* [Task data]

####

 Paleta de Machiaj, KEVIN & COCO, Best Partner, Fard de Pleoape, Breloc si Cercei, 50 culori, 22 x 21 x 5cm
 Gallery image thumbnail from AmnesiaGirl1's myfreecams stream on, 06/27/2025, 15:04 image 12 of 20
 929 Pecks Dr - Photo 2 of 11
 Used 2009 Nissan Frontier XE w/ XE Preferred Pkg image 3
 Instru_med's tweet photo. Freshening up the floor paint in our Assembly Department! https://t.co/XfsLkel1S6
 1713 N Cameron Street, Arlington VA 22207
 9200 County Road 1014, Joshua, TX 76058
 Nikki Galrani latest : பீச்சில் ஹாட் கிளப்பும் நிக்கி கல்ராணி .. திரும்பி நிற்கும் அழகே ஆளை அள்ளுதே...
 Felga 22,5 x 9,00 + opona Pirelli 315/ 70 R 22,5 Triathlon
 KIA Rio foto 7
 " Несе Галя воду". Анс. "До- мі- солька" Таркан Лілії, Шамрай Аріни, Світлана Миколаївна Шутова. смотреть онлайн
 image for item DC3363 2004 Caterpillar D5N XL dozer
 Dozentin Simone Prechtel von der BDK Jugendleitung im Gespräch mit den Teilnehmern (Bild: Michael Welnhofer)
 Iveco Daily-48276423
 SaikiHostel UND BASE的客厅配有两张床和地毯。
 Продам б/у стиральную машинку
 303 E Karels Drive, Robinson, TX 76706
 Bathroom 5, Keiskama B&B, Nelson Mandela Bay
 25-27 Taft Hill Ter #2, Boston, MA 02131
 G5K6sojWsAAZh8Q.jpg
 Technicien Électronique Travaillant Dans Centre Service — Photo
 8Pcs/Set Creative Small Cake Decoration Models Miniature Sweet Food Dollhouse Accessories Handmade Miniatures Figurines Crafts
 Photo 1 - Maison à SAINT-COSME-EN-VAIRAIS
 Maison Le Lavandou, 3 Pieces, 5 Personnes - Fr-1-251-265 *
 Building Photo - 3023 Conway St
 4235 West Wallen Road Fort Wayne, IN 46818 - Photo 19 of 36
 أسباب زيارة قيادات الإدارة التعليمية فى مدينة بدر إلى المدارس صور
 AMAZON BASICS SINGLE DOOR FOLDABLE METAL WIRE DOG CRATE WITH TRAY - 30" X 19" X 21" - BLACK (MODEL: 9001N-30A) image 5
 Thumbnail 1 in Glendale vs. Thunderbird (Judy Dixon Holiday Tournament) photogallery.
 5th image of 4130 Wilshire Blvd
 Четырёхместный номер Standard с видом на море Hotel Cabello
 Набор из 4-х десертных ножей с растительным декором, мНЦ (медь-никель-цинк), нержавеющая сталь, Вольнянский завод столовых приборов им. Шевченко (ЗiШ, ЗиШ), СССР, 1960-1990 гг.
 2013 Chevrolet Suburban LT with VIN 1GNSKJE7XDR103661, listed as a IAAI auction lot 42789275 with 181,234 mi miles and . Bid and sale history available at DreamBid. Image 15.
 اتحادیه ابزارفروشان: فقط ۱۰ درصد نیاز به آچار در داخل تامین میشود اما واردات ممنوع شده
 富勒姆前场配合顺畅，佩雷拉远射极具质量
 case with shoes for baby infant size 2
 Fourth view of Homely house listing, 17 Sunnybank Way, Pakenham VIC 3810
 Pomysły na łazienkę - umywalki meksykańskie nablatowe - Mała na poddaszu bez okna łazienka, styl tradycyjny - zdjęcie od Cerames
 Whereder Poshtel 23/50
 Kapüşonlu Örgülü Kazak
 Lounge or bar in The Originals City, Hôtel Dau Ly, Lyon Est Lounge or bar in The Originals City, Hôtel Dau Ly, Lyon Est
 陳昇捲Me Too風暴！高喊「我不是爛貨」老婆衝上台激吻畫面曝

####

* [Task item] Print the lines of the material, exactly and only, from the line that contains "5th image of 4130 Wilshire Blvd" down to and including the final line.

* [Exercise response]
 5th image of 4130 Wilshire Blvd
 Четырёхместный номер Standard с видом на море Hotel Cabello
 Набор из 4-х десертных ножей с растительным декором, мНЦ (медь-никель-цинк), нержавеющая сталь, Вольнянский завод столовых приборов им. Шевченко (ЗiШ, ЗиШ), СССР, 1960-1990 гг.
 2013 Chevrolet Suburban LT with VIN 1GNSKJE7XDR103661, listed as a IAAI auction lot 42789275 with 181,234 mi miles and . Bid and sale history available at DreamBid. Image 15.
 اتحادیه ابزارفروشان: فقط ۱۰ درصد نیاز به آچار در داخل تامین میشود اما واردات ممنوع شده
 富勒姆前场配合顺畅，佩雷拉远射极具质量
 case with shoes for baby infant size 2
 Fourth view of Homely house listing, 17 Sunnybank Way, Pakenham VIC 3810
 Pomysły na łazienkę - umywalki meksykańskie nablatowe - Mała na poddaszu bez okna łazienka, styl tradycyjny - zdjęcie od Cerames
 Whereder Poshtel 23/50
 Kapüşonlu Örgülü Kazak
 Lounge or bar in The Originals City, Hôtel Dau Ly, Lyon Est Lounge or bar in The Originals City, Hôtel Dau Ly, Lyon Est
 陳昇捲Me Too風暴！高喊「我不是爛貨」老婆衝上台激吻畫面曝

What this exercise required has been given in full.